To determine no matter if ubiquitinproteasome pathway is involved in rebamipide action on survivin expression degree, AGS cells have been pretreated with proteasome inhibitor, MG-132, 10 lM, 30 min before therapy with either medium or rebamipide 5 mg/ml for 6 h. mRNA expression of survivin by RT/PCR. Human survivin unique RT-PCR primers employed for analysis of survivin mRNA expression by RT/PCR were purchased from R&D System . Cells had been directly lysed in Trizol Reagent for a RNA isolation. Total RNA from each sample was made use of in the reverse transcription reaction to synthesize first strand cDNA. Ten microliters of cDNA was put to use in each PCR. Western blot evaluation. Cell lysates containing equal amount of proteins have been subjected to SDS?PAGE and transferred onto a nitrocellulose membrane. The membrane was incubated with a precise, primary polyclonal survivin antibody followed by peroxidase-conjugated secondary antibody. Immunoreactive proteins have been visualized using ECL detection system .
Where indicated, the membrane was stripped and reprobed with another certain primary antibody. Protein signals had been quantified using Metamorph Imaging System, version 3.0 . Indicated protein signal intensities from the Western blots were subtracted from background signal intensities. Immunohistochemistry. AGS cells were plated on coverslips and grown to _70% confluence. Cells were subjected chemical screening to various treatments as indicated, fixed with 4% paraformaldehyde for 20 min at room temperature, then with cold acetone for five min, and blocked with Superblock for 7 min at room temperature. After washing with PBS, coverslips had been incubated with antisurvivin or anti-Aurora-B antibodies for 2 h at room temperature. After washing with PBS, coverslips have been incubated with secondary antibodies: anti-rabbit Texas Red-conjugated for survivin and anti-mouse FITC-conjugated for Aurora-B for 40 min at room temperature.
Coverslips had been then mounted and images have been captured using a Nikon digital camera DXM1200 attached to a Nikon Optiphot fluorescence microscope. Survivin mRNA and protein are strongly expressed in gastric cancer AGS cells as reflected by RT/PCR , Western blotting , and immunostaining price WHI-P 154 . Immunostaining demonstrated expression of survivin in _52% of cancer cells, strong staining predominantly localized to the nuclei . Aurora-B is also strongly expressed in AGS cells, often co-expressed and co-localized with survivin, especially in the mitotic spindle of cells undergoing divisions . Treatment with specified survivin siRNA significantly knock down survivin expression and significantly reduced cell viability .

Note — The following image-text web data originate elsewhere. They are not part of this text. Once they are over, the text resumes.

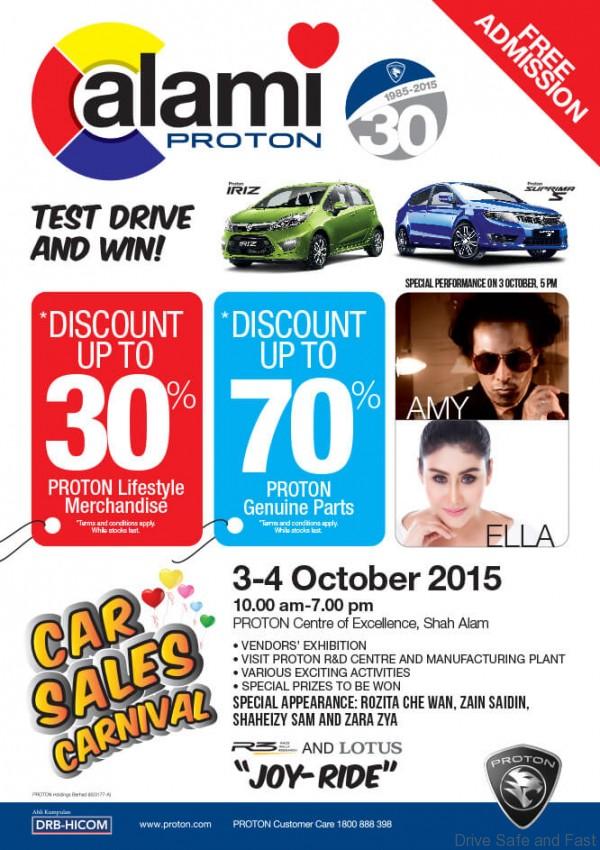 Karnival-ALAMI-Proton-2015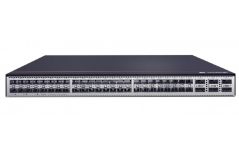 02352QGG-004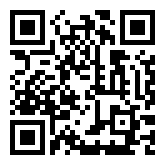 Code name MOBA  QR Code Download Image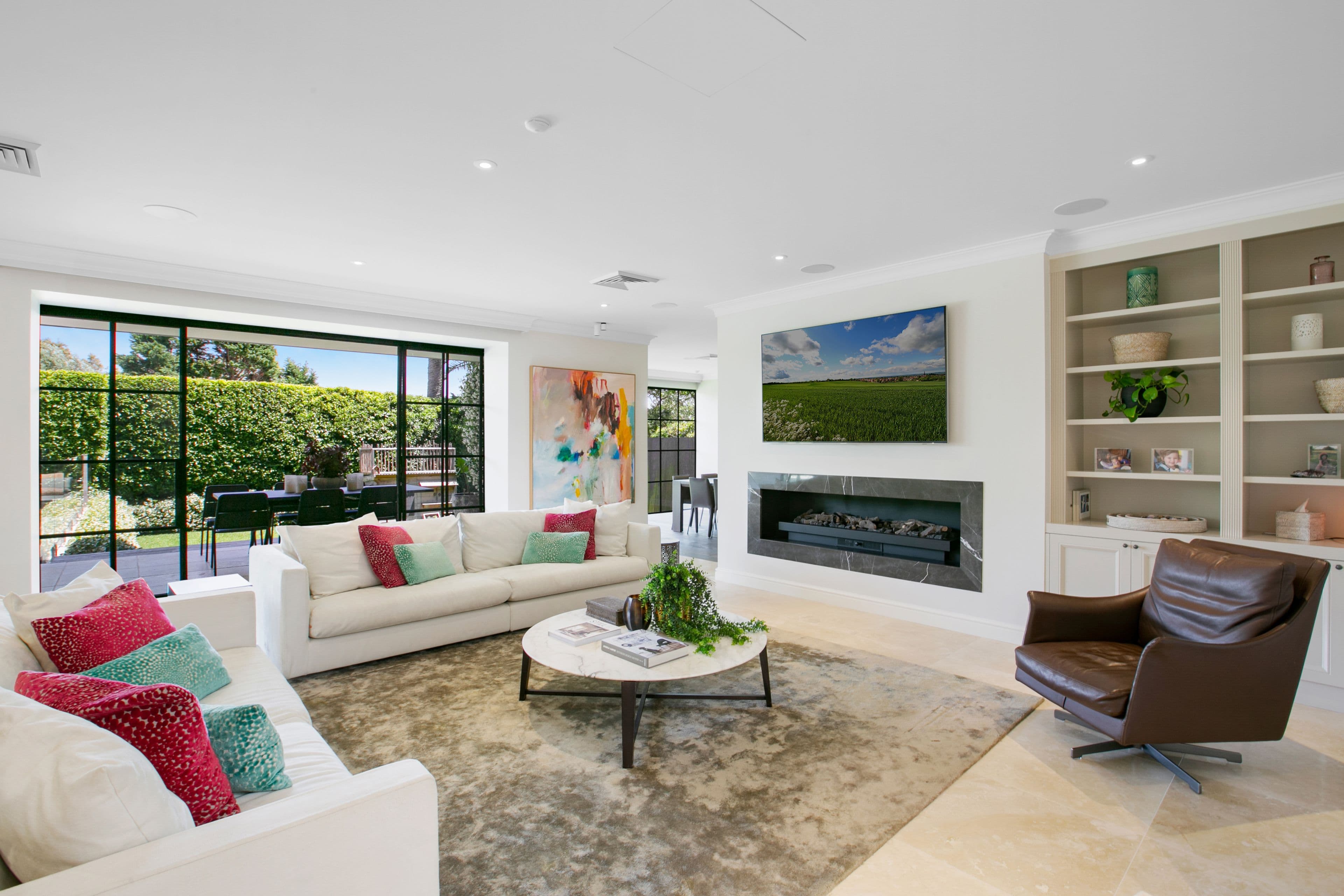 84 New South Head Road, Vaucluse NSW 2030, Vaucluse - Thumbnail 4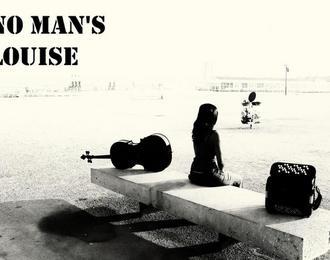 No Man's Louise Marseille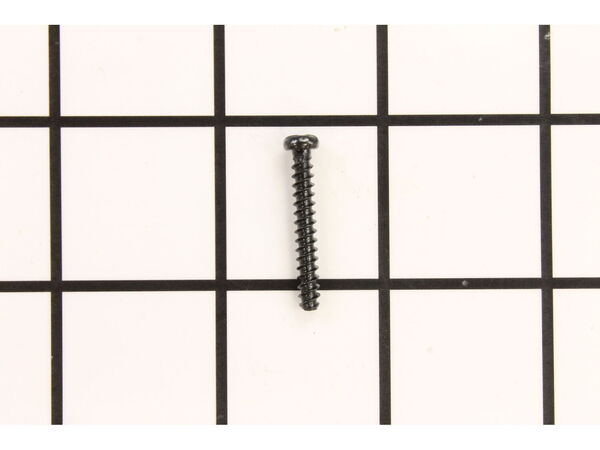 9960200-1-M-DeWALT-498099-00-Screw
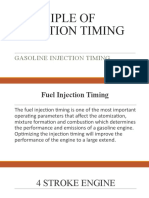 PRINCIPLE-OF-INJECTION-TIMING-2.0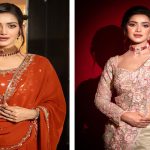 প্রতারণা ও হুমকির অভিযোগে তিশার বিরুদ্ধে অভিযোগের সত্যতা পায়নি পিবিআই, নারাজী দেবেন বাদী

Treatment with rebamipide significantly reduced survivin mRNA and protein expression and reduced Aurora-B and cell proliferation . Pretreatment with the proteasome inhibitor, MG-132, did not affect rebamipide-induced downregulation of survivin in AGS cells , indicating that ubiquitin? proteasome pathway is not involved in the mechanism of rebamipide action on survivin in AGS cells.